= Exercise materials =
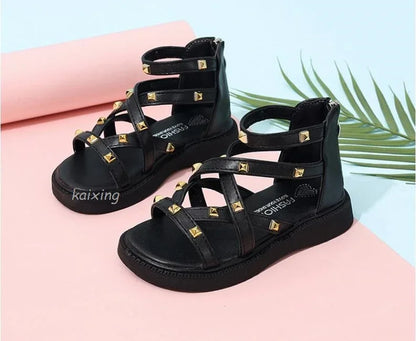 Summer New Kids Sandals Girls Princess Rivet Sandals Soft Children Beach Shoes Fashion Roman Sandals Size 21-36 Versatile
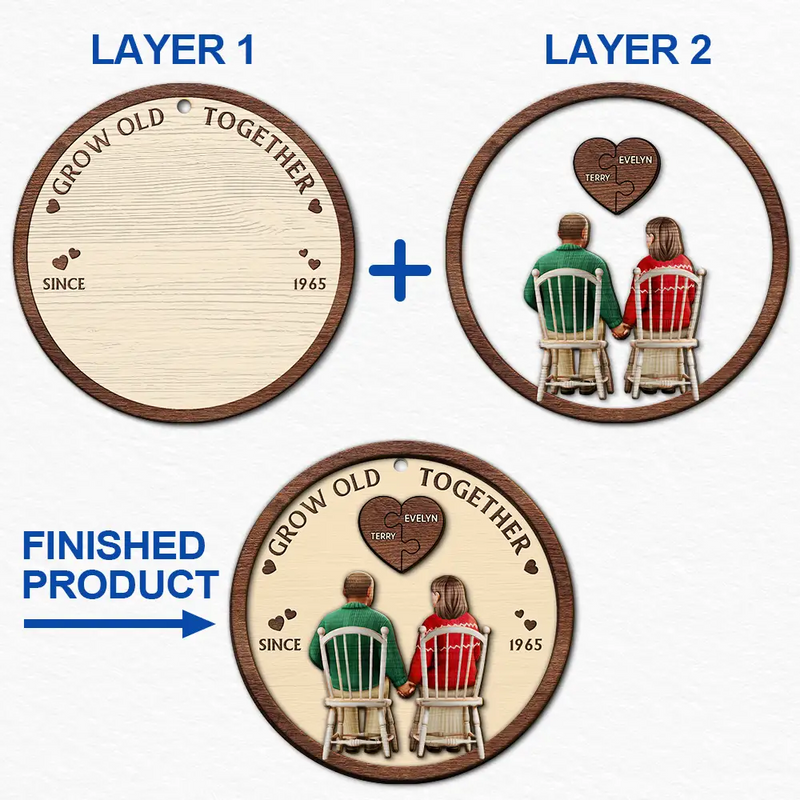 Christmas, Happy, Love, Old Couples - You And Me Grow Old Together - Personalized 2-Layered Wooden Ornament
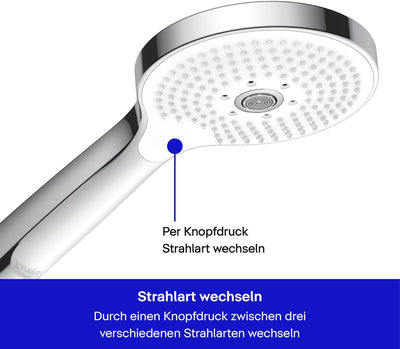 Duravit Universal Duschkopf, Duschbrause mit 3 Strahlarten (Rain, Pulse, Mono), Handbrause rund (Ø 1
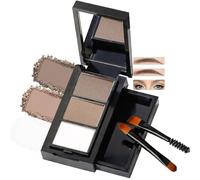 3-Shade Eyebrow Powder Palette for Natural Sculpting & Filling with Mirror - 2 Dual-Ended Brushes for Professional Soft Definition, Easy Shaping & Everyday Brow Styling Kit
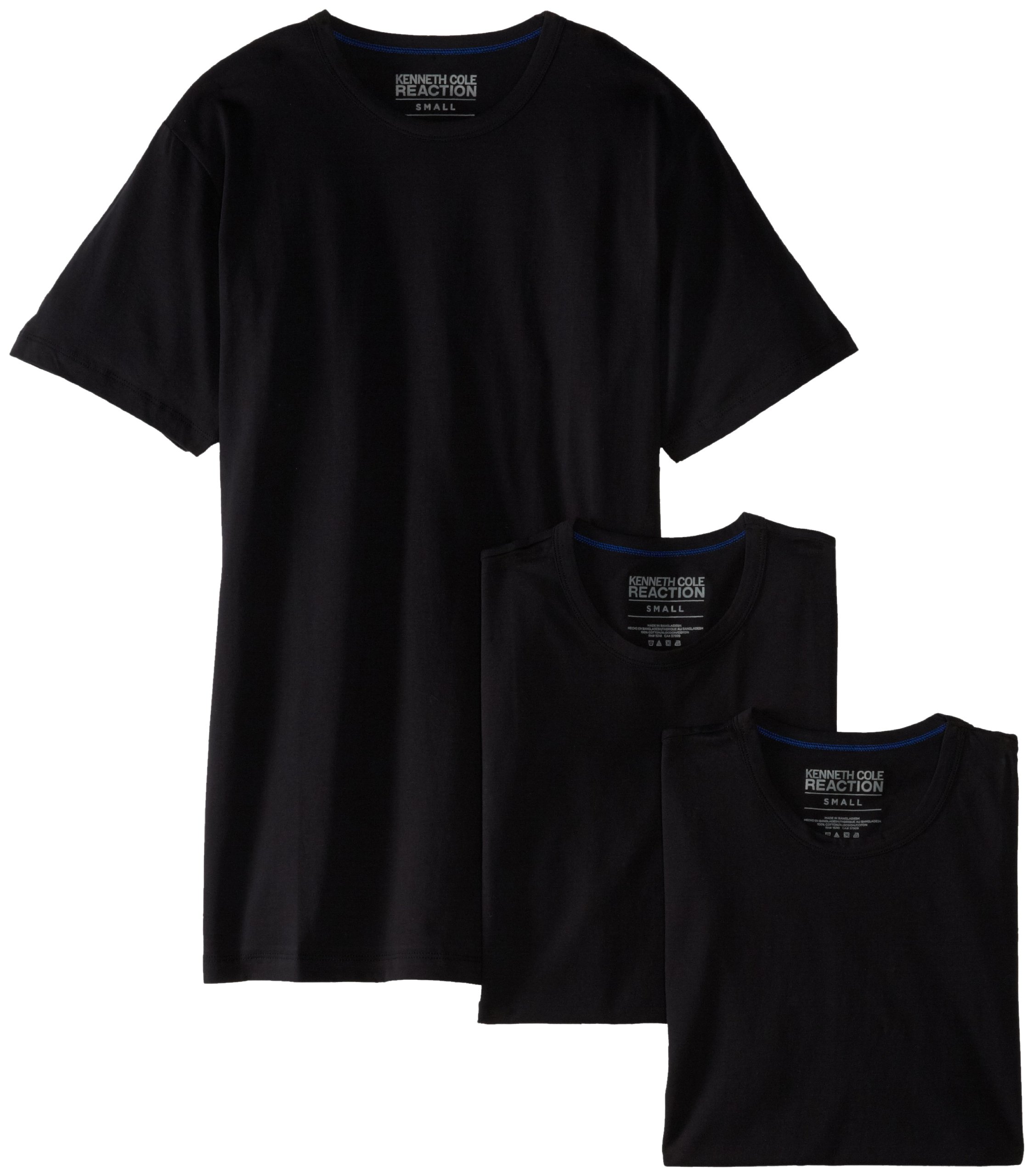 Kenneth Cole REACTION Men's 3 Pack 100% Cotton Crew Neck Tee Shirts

= What this task involves =
Copy only the lines above from the one containing "Christmas, Happy, Love, Old" through the one containing "Duravit Universal Duschkopf, Duschbrause", both included. Leave out the pictures.

= Written answer =
 Christmas, Happy, Love, Old Couples - You And Me Grow Old Together - Personalized 2-Layered Wooden Ornament
 Duravit Universal Duschkopf, Duschbrause mit 3 Strahlarten (Rain, Pulse, Mono), Handbrause rund (Ø 1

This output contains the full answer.